1. Userspace sends the command "losetup -d" which uses the open() call
   to open the device
2. Kernel receives the ioctl command "LOOP_CLR_FD" which calls the
   function loop_clr_fd()
3. If LOOP_CLR_FD is the first command received at the time, then the
   AUTOCLEAR flag is not set and deletion of the
   loop device proceeds ahead and scans the partitions (drop/add
   partitions)

        if (disk_openers(lo->lo_disk) > 1) {
                lo->lo_flags |= LO_FLAGS_AUTOCLEAR;
                loop_global_unlock(lo, true);
                return 0;
        }

 4. Before scanning partitions, it will check to see if any partition of
    the loop device is currently opened
 5. If any partition is opened, then it will return EBUSY:

    if (disk->open_partitions)
                return -EBUSY;
 6. So, after receiving the "LOOP_CLR_FD" command and just before the above
    check for open_partitions, if any other command
    (like blkid) opens any partition of the loop device, then the partition
    scan will not proceed and EBUSY is returned as shown in above code
 7. But in "__loop_clr_fd()", this EBUSY error is not propagated
 8. We have noticed that this is causing the partitions of the loop to
    remain stale even after the loop device is detached resulting in the
    IO errors on the partitions
Fix:
Defer the detach of loop device to release function, which is called
when the last close happens, by setting the lo_flags to LO_FLAGS_AUTOCLEAR
at the time of detach i.e in loop_clr_fd() function.

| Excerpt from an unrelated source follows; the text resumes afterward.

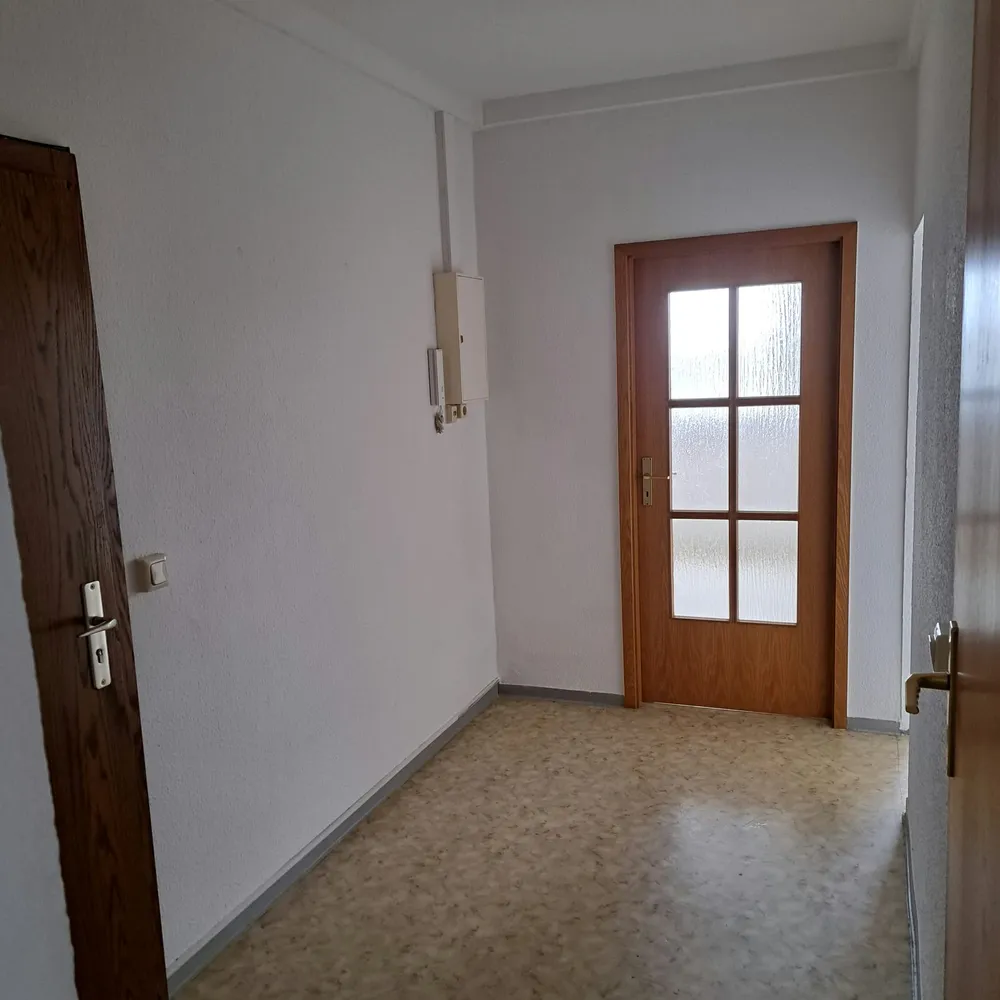 4 Zimmer Wohnung mit 67 m² in Halle (Saale) – Bild 1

Test case involves the following two scripts:

script1.sh:

while [ 1 ];
do
        losetup -P -f /home/opt/looptest/test10.img
        blkid /dev/loop0p1
done

script2.sh:

while [ 1 ];
do
        losetup -d /dev/loop0
done

Without fix, the following IO errors have been observed:

kernel: __loop_clr_fd: partition scan of loop0 failed (rc=-16)
kernel: I/O error, dev loop0, sector 20971392 op 0x0:(READ) flags 0x80700
        phys_seg 1 prio class 0
kernel: I/O error, dev loop0, sector 108868 op 0x0:(READ) flags 0x0
        phys_seg 1 prio class 0
kernel: Buffer I/O error on dev loop0p1, logical block 27201, async page
        read

Signed-off-by: Gulam Mohamed <gulam.mohamed@oracle.com>
Reviewed-by: Christoph Hellwig <hch@lst.de>
Reviewed-by: Chaitanya Kulkarni <kch@nvidia.com>
---
v4<-v3:
1. Defer the loop detach to last close of loop device
2. Removed the use of lo_open due to following reasons:

Setting the lo_state to Lo_rundown in loop_clr_fd() may not help in
stopping the incoming open(), when the loop is being detached, as the
open() could invoke the lo_open() before the lo_state is set to Lo_rundown
and increment the disk_openers refcnt later.
As the actual cleanup is deferred to last close, in release, there is no
chance for the open() to kick in to take the reference. Because both open()
and release() are protected by open_mutex and hence they cannot run in
parallel.
So, lo_open() and setting lo_state to Lo_rundown is not needed. Removing
the loop state Lo_rundown as its not used anymore.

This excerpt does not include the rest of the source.